Como seria de se esperar, enquanto são expulsos da cidade pelos russos e as forças do Exército Sírio, os militantes tratam de espalhar o caos. “Os ‘rebeldes moderados’ apoiados pelos turcos e sauditas (e pelo ocidente – NT) inundaram os bairros de Aleppo com foguetes não guiados e recipientes com gás”, escreveu um residente de Aleppo nas mídias sociais. A analista Marwa Osma, baseada em Beirute, perguntou: “As forças do Exército Árabe Sírio, lideradas por Bashar Al Assad e seus aliados são atualmente as únicas forças no solo que realmente lutam contra o Daesh – daí vocês querem enfraquecer o único sistema que está batalhando contra o Daesh?”

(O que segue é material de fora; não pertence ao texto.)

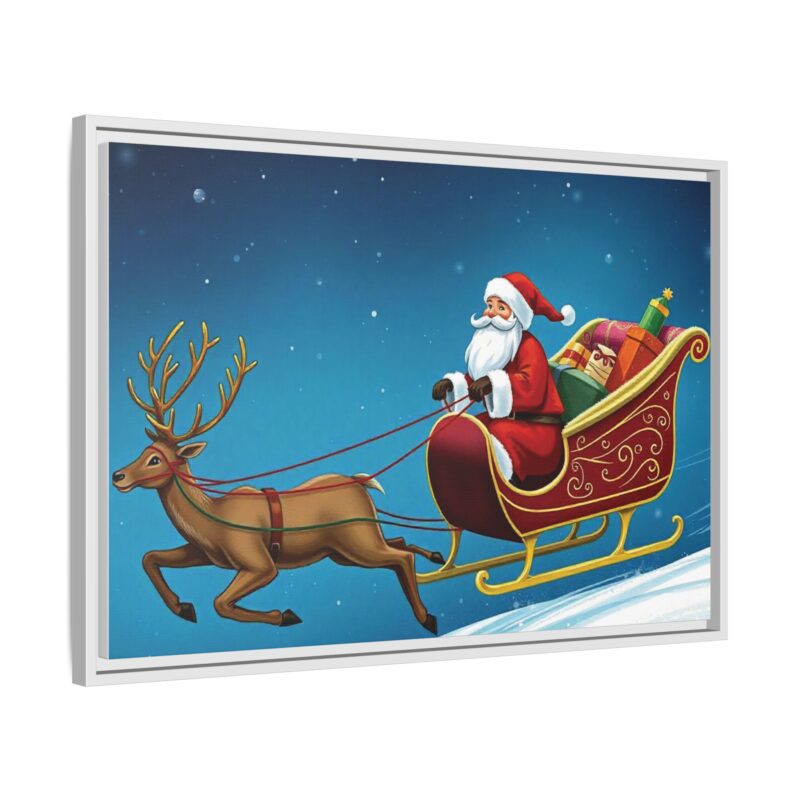 Canvas Print - Traditional Sleigh Ride Santa Claus Christmas Wall Art - Image 39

Isso não combina com a narrativa de Washington. Como resultado, muitos veículos da mídia (norte)americana está relatando o oposto do que realmente acontece. Muitas reportagens sugerem que Aleppo era “zona liberada” já há três anos e que agora está sendo lançada na miséria.

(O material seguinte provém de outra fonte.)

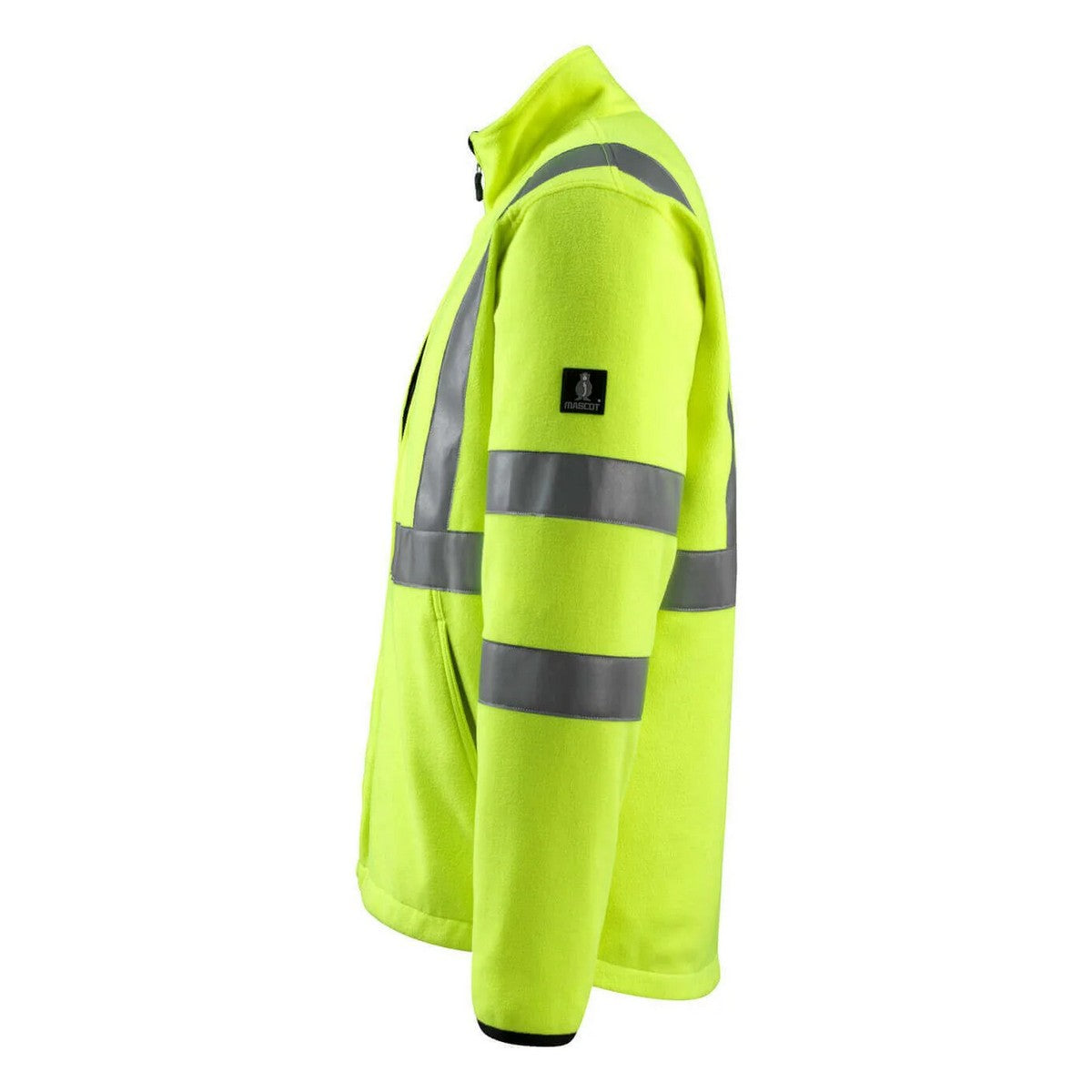 Hi Vis Yellow - Side - Mascot Mens Safe Light Mildura High-Vis Fleece Jacket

O povo dos Estados Unidos aprendeu na marra que o correto na Síria é lutar contra o regime de Assad e seus aliados russos e iranianos. Supostamente, deveríamos esperar que a honrada e ética coalizão de (norte)americanos, turcos, sauditas, curdos e a “oposição moderada” irá vencer.

Tal modo de pensar é de uma insensatez atroz, mas o povo dos Estados Unidos não é culpado por pensar assim. Deles não tem quase nenhuma informação verdadeira sobre quem são os combatentes na Síria, seus objetivos e suas táticas. A vergonha dessa mentira deve recair sobre nossa imprensa.

Resultado de imagem para Syria and press liesSob intensa pressão financeira, muitos jornais, revistas e redes de comunicação dos Estados Unidos reduziram drasticamente suas equipes de correspondentes estrangeiros (parece com os passaralhos na imprensa aqui da terrinha, não é? NT). Muitas notícias importantes sobre o que acontece no mundo vêm de repórteres baseados em Washington. Neste ambiente, o acesso às notícias e a credibilidade destas depende da aceitação dos parâmetros ditados pelas entidades governamentais. Repórteres que cobrem os acontecimentos na Síria checam suas informações com o Pentágono, com o Departamento de Estado, a Casa Branca e os grupos de “especialistas” (think tanks – NT). Depois de dar uma voltinha neste circo de palhaços mal intencionados, sentem que cobriram todos os lados da história. Esta forma estenográfica de produção de conversa fiada é apresentada como “notícias sobre a Síria”.

Inevitavelmente, esse tipo de desinformação se espalhou pela campanha presidencial (norte)americana. Em debate recente em Milwaukee, Hillary Clinton afirmou que os esforços de paz das Nações Unidas têm como base “acordo que negociei em Junho de 2012 em Genebra”. A verdade é exatamente o contrário. Em 2012, a então Secretária de Estado Hillary Clinton viajou para a Turquia, Arábia Saudita e Israel em um esforço bem sucedido de matar no ninho o plano de paz de Kofi Annan porque o plano seria satisfatório para o Irã e deixaria Assad no poder, pelo menos temporariamente. Ninguém em Milwaukee sabia o suficiente para desafiar a mentira dita por ela.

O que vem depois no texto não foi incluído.